Beyond just moving ahead in the lab, India needs to get results to the people. As Chaurasia says, “It is a challenge to deliver the advantages of scientific and technological development to the majority of the population, which is living below the poverty line.” In particular, Chaurasia points out challenges in feeding India, which ranks 55th out of 76 countries on the United Nation's Global Hunger Index. The primary agricultural challenge facing India, Chaurasia says is “to develop climate-resilient, green, high-yielding, sustainable agricultural technologies that are affordable for rural areas.” This is not one of India's strengths, because only 8.4% of its publications in the 2014 Nature Index address any kind of life science.
To achieve that, however, Chaurasia believes that the country must explore more of today's advanced options for farming, though past attempts have not been successful. In the early 2000s, for example, a pilot project of planting Bt cotton, which includes a gene for an insect toxin that comes from the bacterium Bacillus thuringiensis (Bt), was ineffective in resisting bollworms because the cotton was a hybrid from Western countries in which the toxin was not concentrated highly enough. The lesson learned, says Chaurasia, is that India must “develop indigenous transgenic crops — genetically modified organisms — especially after the failure of the Indian government-led Bt-transgenic programmes.” Developing transgenic hybrids optimized for India, though, will probably require the nation's industry taking up the challenge.
Chaurasia believes that the government must take a bigger part and “enhance all-round investment in agriculture without surrendering to private interests.” In particular, private interests from outside India, such as US-based Monsanto, received some of the blame for past failures with transgenic crops. Chaurasia also calls for other changes, including “attracting the best talents for agricultural research by reinventing the education system.”
The progression of India's science and technology depends on finding routes for scientists to do world-class research. In virtually all cases, that requires funding from research institutes. Optical physicist, Pavan Kumar, at the Indian Institutes of Science and Research in Pune, says that the institute provides reasonable funding to researchers.
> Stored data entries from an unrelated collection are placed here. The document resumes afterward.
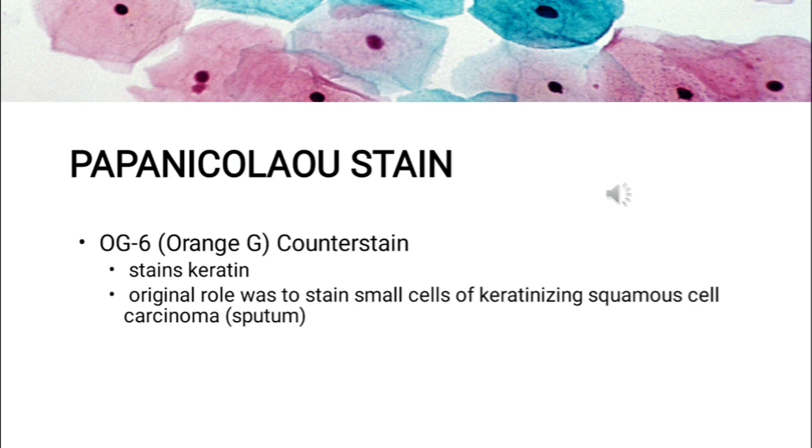The OG6, or Orange G counter stain — the number 6 denoting the concentration of phosphotungstic acid used — is an acidic counter stain that stains the cytoplasm of mature keratinized cells orange in varying intensities. Other variants include OG5 and OG8.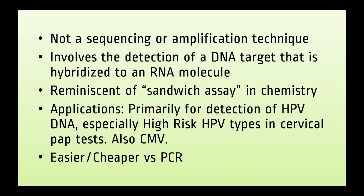It involves detection of a specific known DNA sequence by hybridizing that piece of DNA to an RNA molecule. You'll find that hybrid capture is reminiscent of traditional EIA or sandwich assays used in chemistry and immunology. This test is most widely used for the detection of high-risk HPV types in cervical pap tests. A CMV version of the test is also available.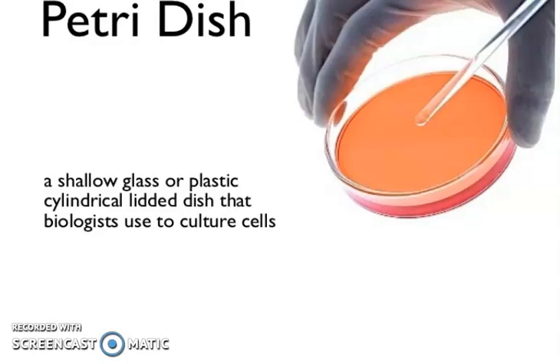Now you can see the Petri dish — a shallow glass or plastic cylindrical lidded dish that biologists use to culture cells. My friends, I hope this video will be helpful to you. If you like this video, then subscribe to my channel, and thanks for watching.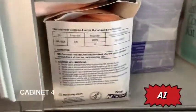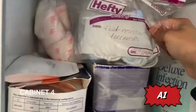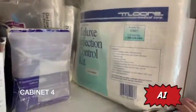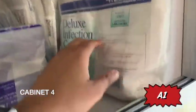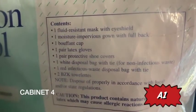Moving on, you have your N95 masks, fluid-resistant face masks, sanitary pads, and infectious control kits. These are new additions to the rig due to the recent pandemic. This is what's inside if we were to get a case with suspected or confirmed coronavirus.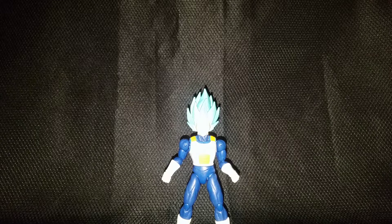Welcome to Club Virus, here with another figure review. This time I will be reviewing the Dragon Ball Dragon Stars Super Saiyan Blue Vegeta — or Super Saiyan God Super Saiyan Vegeta — in the regular Saiyan armor. Anyway, let's hop into it.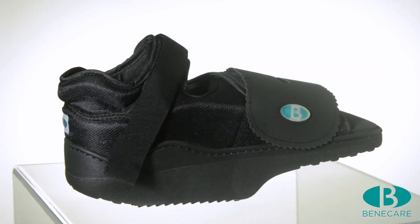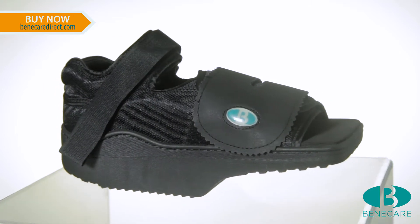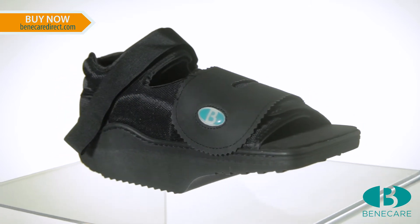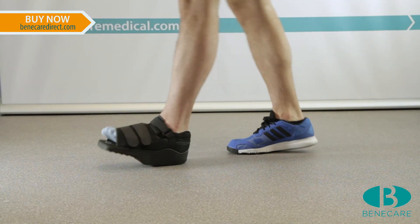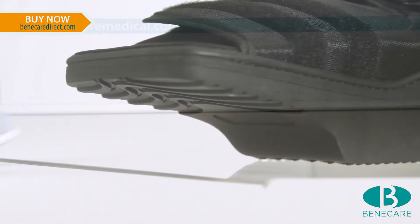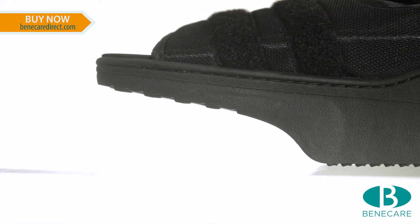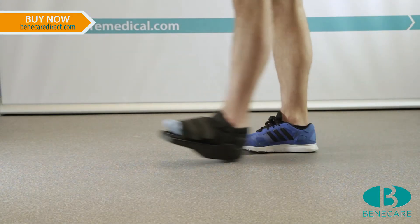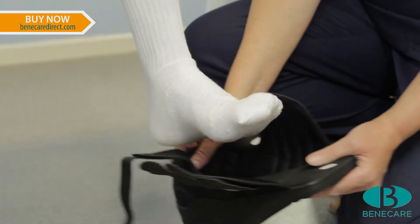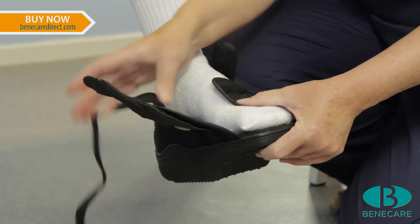Introducing the Benefit Wedge Shoe. It's a post-operative shoe that has been designed to provide pressure relief from the forefoot during weight bearing. The sole is angulated to provide 15 degrees dorsiflexion of the ankle, offloading pressure from the metatarsal heads, allowing the forefoot to heal. It is recommended for patients with diabetic foot ulcers and post-operative wounds.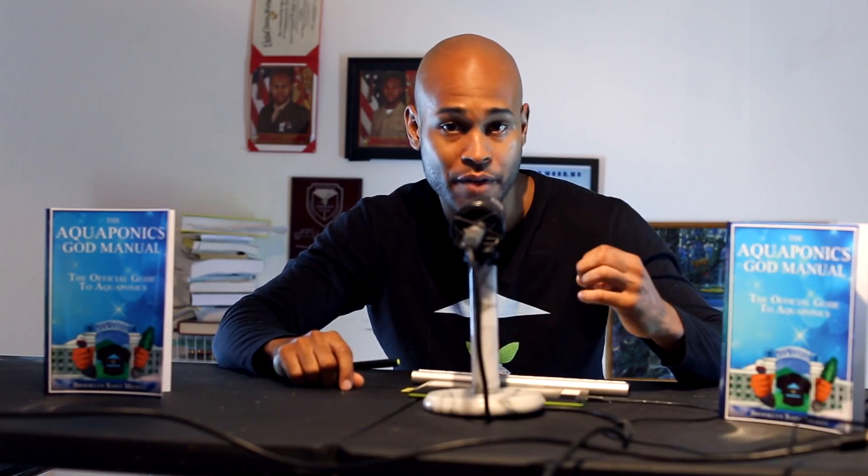You can see right now my voice has recovered from the last time you guys heard me a few days ago, when I was sick. The virus and the bacteria were trying to chomp down on the Aquaponics God, but I've been consuming my vegetables in large quantities, so my body was able to fight off the sickness at a pretty rapid pace.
For instance, a start-up grant can be in the order of US$200,000. Consequently, says Kumar, “You can think about ambitious problems that a starting principal investigator might be hesitant to think about.” Even with existing funding issues, India placed 13th for global publishing output in the 2014 Nature Index.
Research like Kumar's easily branches between basic and applied. Such connections could be the key to better funding. At IIT, for example, Srinivasan is carving a niche between basic and industrial research, but she points out that her work may not lend itself to publication. Still, she says, “Everybody need not do the same thing. I have enough academic freedom to contribute in my own way.”